Nidaros Cathedral is the cathedral of the city of Trondheim, Norway. It was built on the tomb of the King of Norway, Saint Olaf, who was killed during the battle of Stiklestad on July 29th, 1030. It is located on the banks of the Nidelva River and has Gothic sculptures on its facade. The cathedral was mainly erected during the reconstruction of the cathedral in the 19th century.

1/ the life of Saint Olaf :

Olaf Harldsson traveled in Europe when he was young, particularly in England where he has learned Christian religion, he has decided to be baptized in Rouen. Then, he wanted to unite Norway so he benefited that Denmark’s king named king Canute was in England to make Norway independent. The new king set up in Nidaros also known as Tromdheim where he built at first a church. He decided to convert Norway people to christianism. He proclaimed himself king and made peace with the king of Denmark and married his daughter. He finally lost the Helgea battle and was banished before dying during the Stiklestad battle to have back his kingdom. After, they buried him next to the Nidelva, but people wanted to honor him and decided to put him in the church, where a lot of pilgrims came. Finally it was burned and a second one was rebuilt, but after the war it was abandoned and was restored. Nowadays, a lot of kings have been crowned, the last one is Haakon VII.

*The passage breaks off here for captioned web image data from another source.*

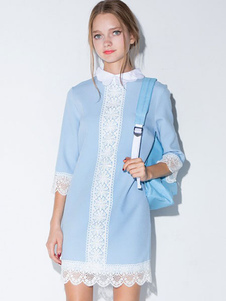 Robe en dentelle bleu embelli col 3/4-longueur robe courte à manches pour les femmes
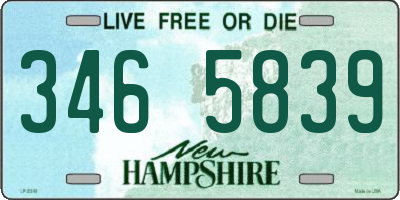 NH license plate 3465839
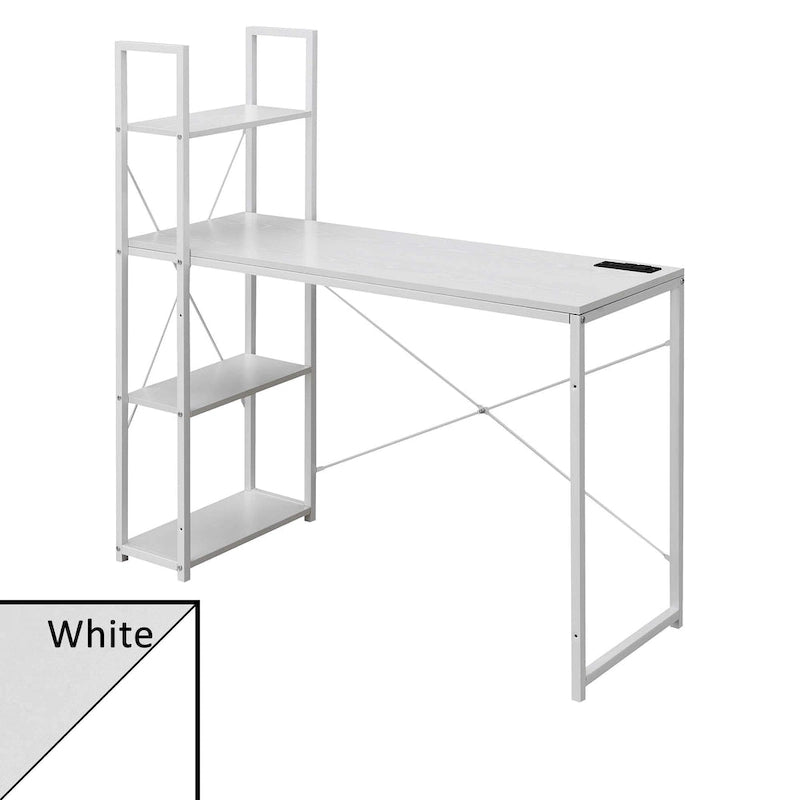 Poste de travail de bureau Designs2Go de Convenience Concepts avec station de recharge et étagères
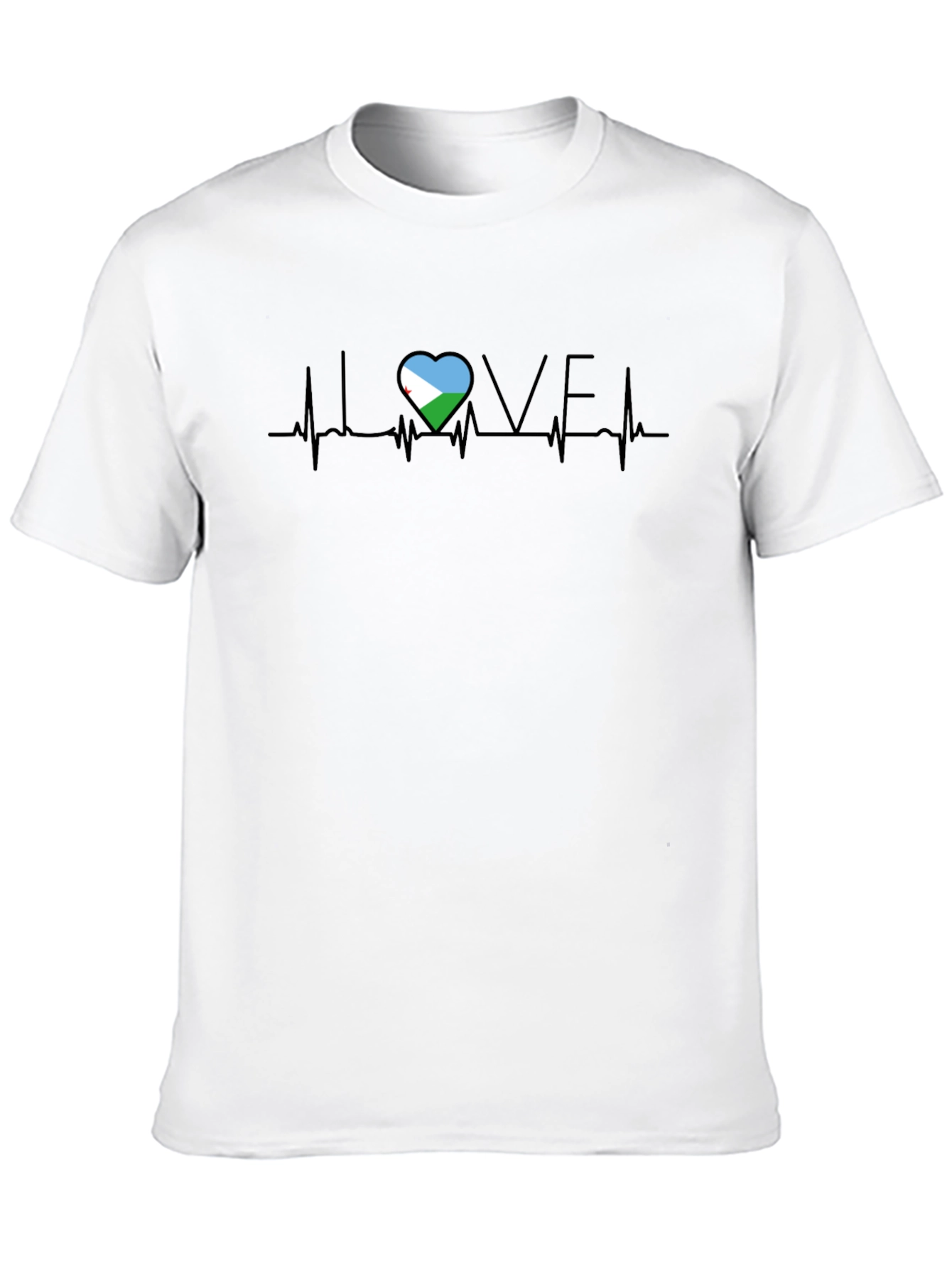 I Love Djibouti Heartbeat T-Shirt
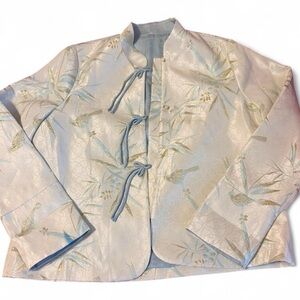 Silk-Blend Mandarin Collar Jacket in Pale Blue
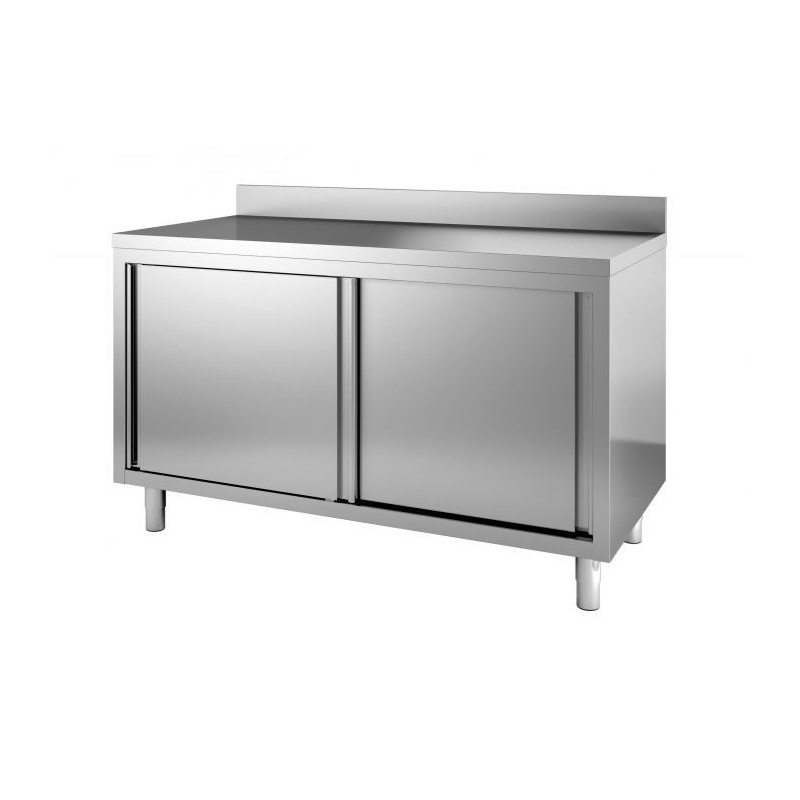 Stainless Steel Low Cabinet with Backsplash - Combisteel, 2000x700mm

2/ The Idea of building a Chapel / The story of the cathedral :

The cathedral of Nidaros was started in 1070 and its construction extends until around 1300. In 1328, a fire was declared and another burst in 1531. This destroyed the transept and part of the nave.

The reconstruction of the monument began in 1869 under the direction of several architects including Christian Christie and Henrik Bull, two Norwegian architects. The restoration officially ended in 2001.

Who are these two architects?

  • Christian Christie, born on December 24th, 1832 and died on September 13th, 1906, is a famous Norwegian architect who participated in several projects. He directed the restoration and preservation of many medieval monuments including the Church of Santa Maria, Håkonshallen. But his most important work is probably the restoration of the cathedral of Nidaros.
  • Henrik Bull, born on March 28th, 1864 and died on June 2nd, 1953, was a Norwegian architect known for his involvement in the restoration of Nidaros Cathedral. Among his most famous works are the Muse of History, the Ministry of Finance and the Nationaltheatret. Between 1912 and 1934 he was director of the École supérieure des arts industriels et de l’architecture.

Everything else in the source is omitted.